GW’S SPACE SECURITY PROGRAM LANDS $200,000 MacARTHUR AWARD Grant will Establish the Security Space Forum to Educate Space Specialists and National Security Experts on Space Security Issues
“The national security uses of space are an important emerging topic on the national security agenda,” said John Logsdon, director of the Space Policy Institute and professor in the Elliott School. “The goal of the Security Space Forum is to bring together both space specialists and national security generalists in order to educate each other on space security issues.”

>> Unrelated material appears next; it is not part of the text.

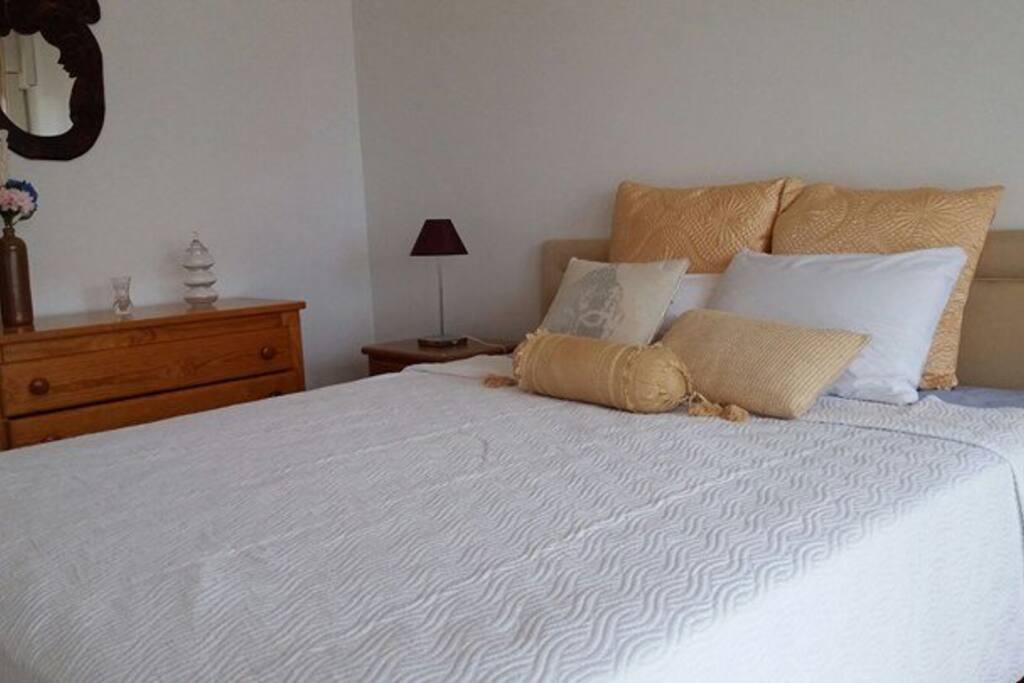 QUARTO CASAL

Logsdon added that the Washington, D.C., location is ideal for drawing together specialists in military space policy, national security analysts, policy-makers, researchers and the media. Most importantly, the forum will expand the policy debate and add to the expertise of the broader national security community.
The forum will comprise a variety of formats and agendas to help facilitate the exchange of ideas between the experts. Luncheon discussions, already in progress, will form the centerpiece. At each of these meetings a commissioned paper on a specific topic in national security space policy will be thoroughly discussed.
Also on the agenda are one-day space security conferences for the late spring of 2003 and 2004, which will bring the work of the forum to a larger audience that will include other groups involved in the security space debate. These conferences will provide an overview of the “state of the debate” on space security issues and will serve as a highly visible showcase for current research and policy work on the topic.
“Secretary of Defense Donald Rumsfeld came into office with a space agenda; it is being implemented, but little is known in the broader policy community about the implications of this agenda,” said Gordon Adams, director of the Security Policy Program and professor in the Elliott School. “This is a chance to make military space issues more visible and better understood.”
A monograph on space security issues will be published each year. The first volume will draw from the best of the papers presented at forum luncheons. The Security Space Forum has already established a forum Web site, www.gwu.edu/~spi/spaceforum, featuring links to the papers commissioned to date by the forum and other papers and reports relevant to the space security debate.
“This generous grant from the MacArthur Foundation is an important vote of confidence in the quality of work we do here,” said Harry Harding, dean of the Elliott School. “The collaborative nature of this project is typical of what we do: bring together scholars from different academic programs to investigate the linkages between their areas of research and then to draw the implications for policy. The space policy and security policy programs are worthy of this recognition.”